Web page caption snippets
####################
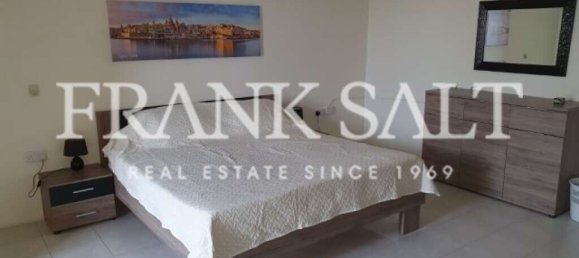 2 bedrooms Maisonette in Gzira, Malta No. 6802 24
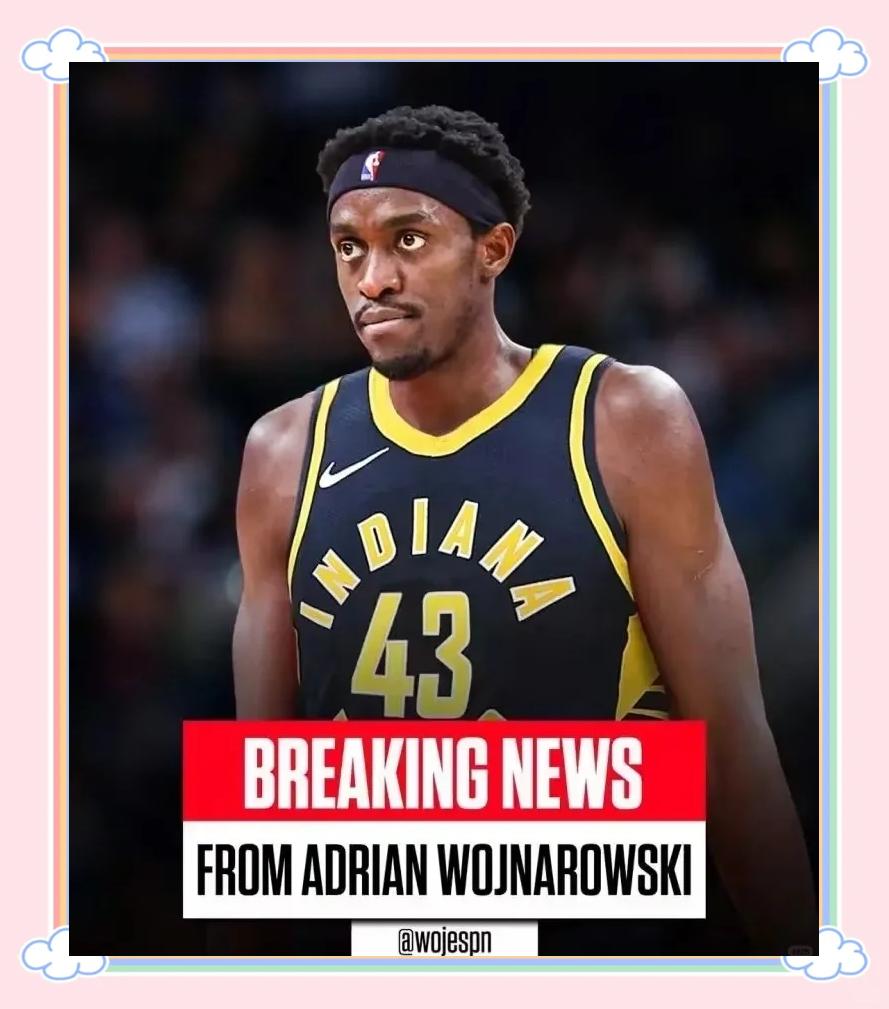 猛龙大胜公牛，西亚卡姆进攻效率高的简单介绍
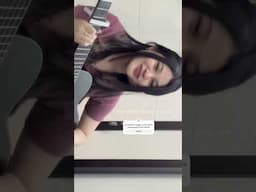 yg malam minggu tp ldr sama pasangannya sini absen️ #cover #coversong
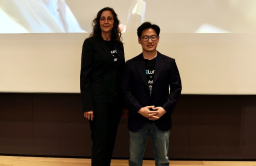 Lunit buys breast cancer detection AI firm Volpara Health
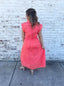 Summer Lovin' Dress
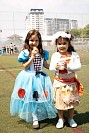 3004202430abril2024441.jpg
####################
▶ [The problem]:
Each line from the one holding "yg malam minggu" to the end of the records above must be copied exactly; the pictures must not be copied.

▶ [Output for this task]:
 yg malam minggu tp ldr sama pasangannya sini absen️ #cover #coversong
 Lunit buys breast cancer detection AI firm Volpara Health
 Summer Lovin' Dress
 3004202430abril2024441.jpg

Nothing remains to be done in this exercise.